A intolerância também é uma marca dos tempos atuais. Para os radicais, discordar não é suficiente. É preciso ofender.

Sou testemunha desse ambiente pouco aprazível através das reações aos textos que publico em meu blog, compartilhado também nas redes sociais. Se por um lado, o mundo conectado deu voz a milhões de anônimos, como eu, que no exercício de um hobby podem manifestar publicamente sua opinião, por outro, também abriu as portas do inferno, permitindo comentários ofensivos e muitas vezes sem nenhum vínculo com a racionalidade.

O ato de entrar na ‘timeline’ de um desconhecido e ofendê-lo ou aos seus visitantes, é equivalente, no mundo real, a xingar seu anfitrão ou aos demais hóspedes durante uma visita. Convenhamos, um grande papelão, infelizmente tolerado nos códigos de conduta virtuais.
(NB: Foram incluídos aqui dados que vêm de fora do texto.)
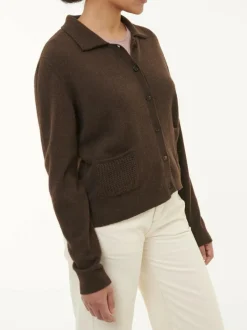 Strickjacke aus Yakwolle, 67 espresso, S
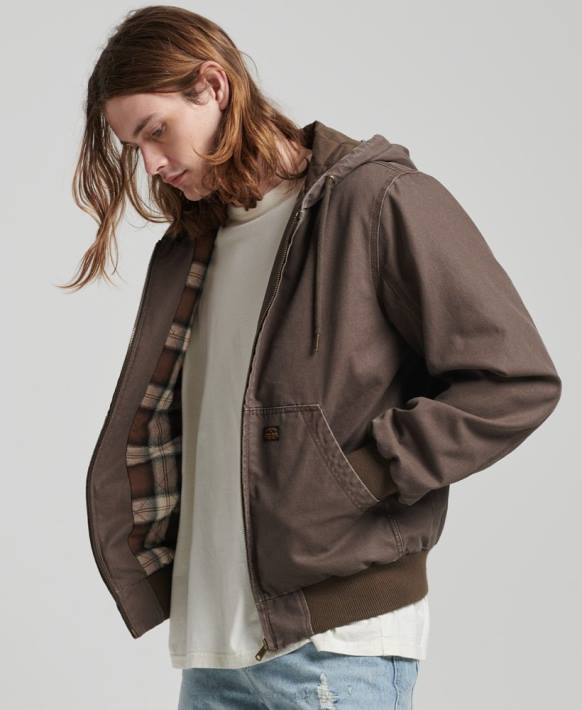 erkekler Superdry kahverengi iş giysisi kapşonlu NNTB25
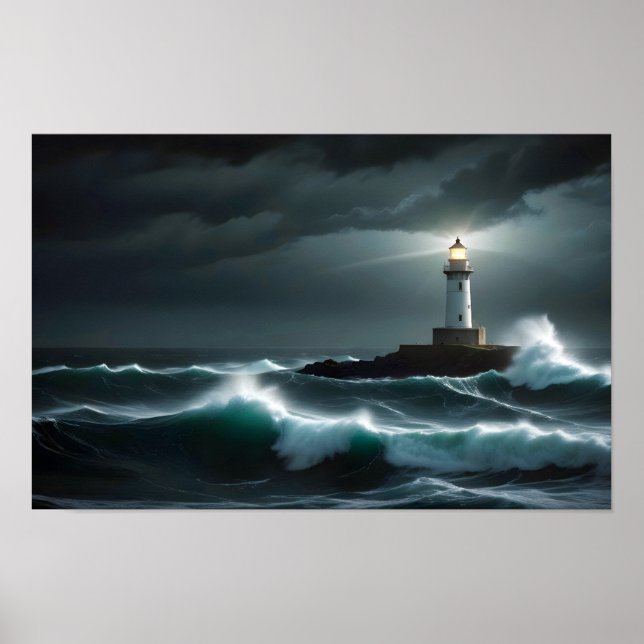 Poster Paysage du phare Côte Océan Vagues Nuit Mer (Devant)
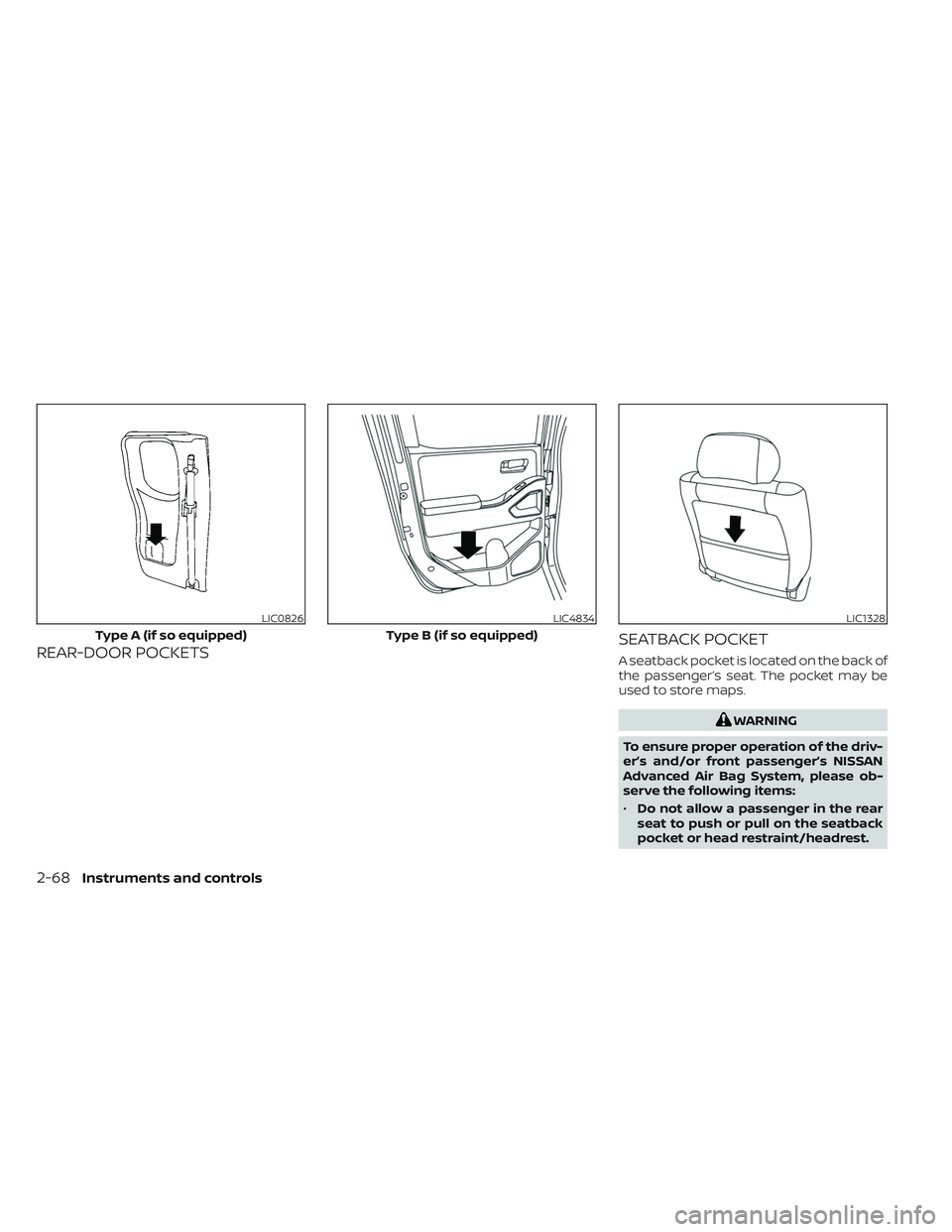 NISSAN FRONTIER 2023  Owners Manual REAR-DOOR POCKETSSEATBACK POCKETA seatback pocket is located on the back of
the passenger’s seat. The pocket may be
used to store maps.
WARNING
To ensure proper operation of the driv-
er’s and/or 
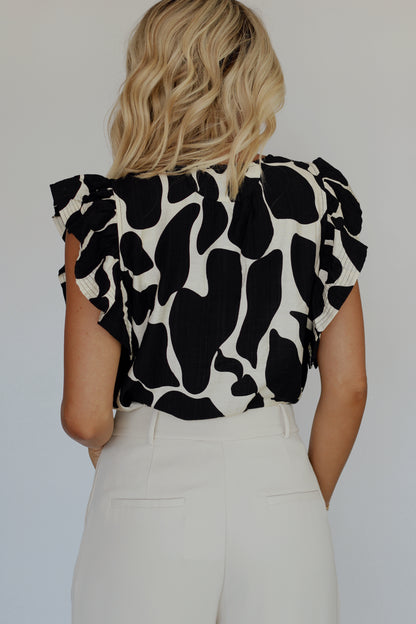 Savannah Blouse- Black/Ivory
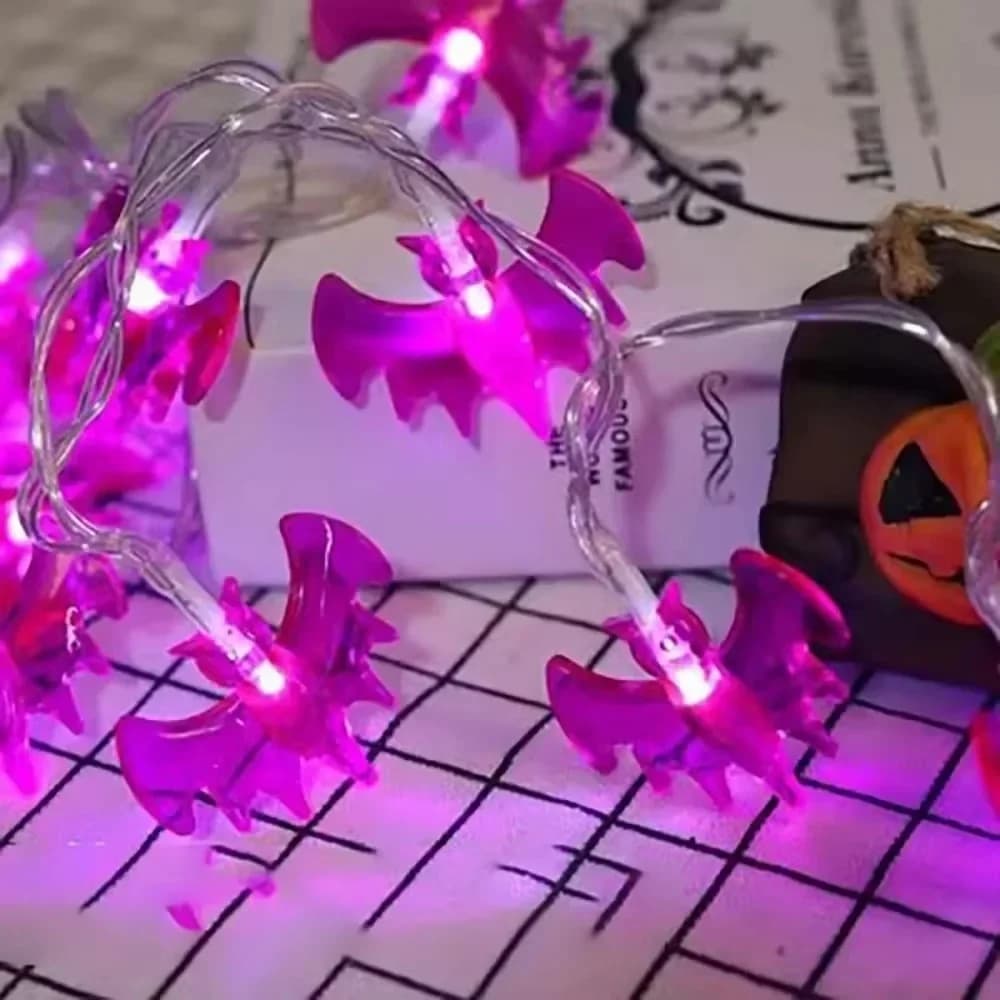 Luci a stringa LED viola a forma di pipistrello con batteria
Não menos grave é o fato de que muitas vezes os leitores fazem juízo de valor de um texto a partir de sua manchete, sem o mínimo esforço para compreender seu conteúdo, muito embora em um país onde 92% dos adultos são incapazes de interpretar tabelas, gráficos e textos um pouco mais complexos, esse seja um comportamento tristemente previsível.

O nível de intolerância chega a tal ponto que as alas radicais de qualquer espectro ideológico cometem o desatino de buscar a proibição da manifestação de opiniões distintas das suas, situações verificadas recentemente quando grupos da esquerda fanática tentaram impedir à força a apresentação de um documentário sobre Olavo de Carvalho, um intelectual conservador, enquanto seus oponentes da direita radical tentaram fazer o mesmo com uma palestra de uma escritora estrangeira precursora da ideia de que gênero é uma invenção social.

Em um mundo civilizado, cidadãos podem expressar seus pensamentos livremente, e os incomodados poderiam discordar respeitosamente ou simplesmente ignorar os autores das ideias que lhe desagradam, sob a famosa doutrina do ‘cada um no seu quadrado’.

Mas geralmente não é esse o caso. A era da superficialidade intolerante produz burros nervosos em escala industrial. Resta-nos combatê-los com bom senso e temperança. Quem sabe assim eles não aprimorem seus modos e também a capacidade de interpretação de texto?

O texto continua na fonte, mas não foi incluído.